Wednesday, September 30, 2015

Exclusive: Bankruptcy Is a “Huge Opportunity” to Privatize Schools Says EdBuild | PR Watch

Exclusive: Bankruptcy Is a “Huge Opportunity” to Privatize Schools Says EdBuild | PR Watch:

Exclusive: Bankruptcy Is a “Huge Opportunity” to Privatize Schools Says EdBuild

The school privatization movement has long sought to consign public schools and locally elected school boards to the dust heap of history to usher in a brave new world of “free market” schools instead of free and universal public education.
One big reason for this obsession?
There’s at least half a trillion dollars a year up for grabs for corporations that want to line their coffers with taxpayer money.

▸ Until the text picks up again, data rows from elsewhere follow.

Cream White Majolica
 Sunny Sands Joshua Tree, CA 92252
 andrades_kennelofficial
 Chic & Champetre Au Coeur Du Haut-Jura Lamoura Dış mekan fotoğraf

K-12 education, Rupert Murdoch explained in a press release a few years ago, is a “$500 billion sector in the U.S. alone that is waiting to be transformed.”
But the transition to for-profit education has been too slow for some advocates who have some new and rather drastic ideas on how to pick up the pace, according to information obtained by the Center for Media and Democracy/PRWatch.

"Bankruptcy Might Be the Thing that Leads to the Next Education Revolution"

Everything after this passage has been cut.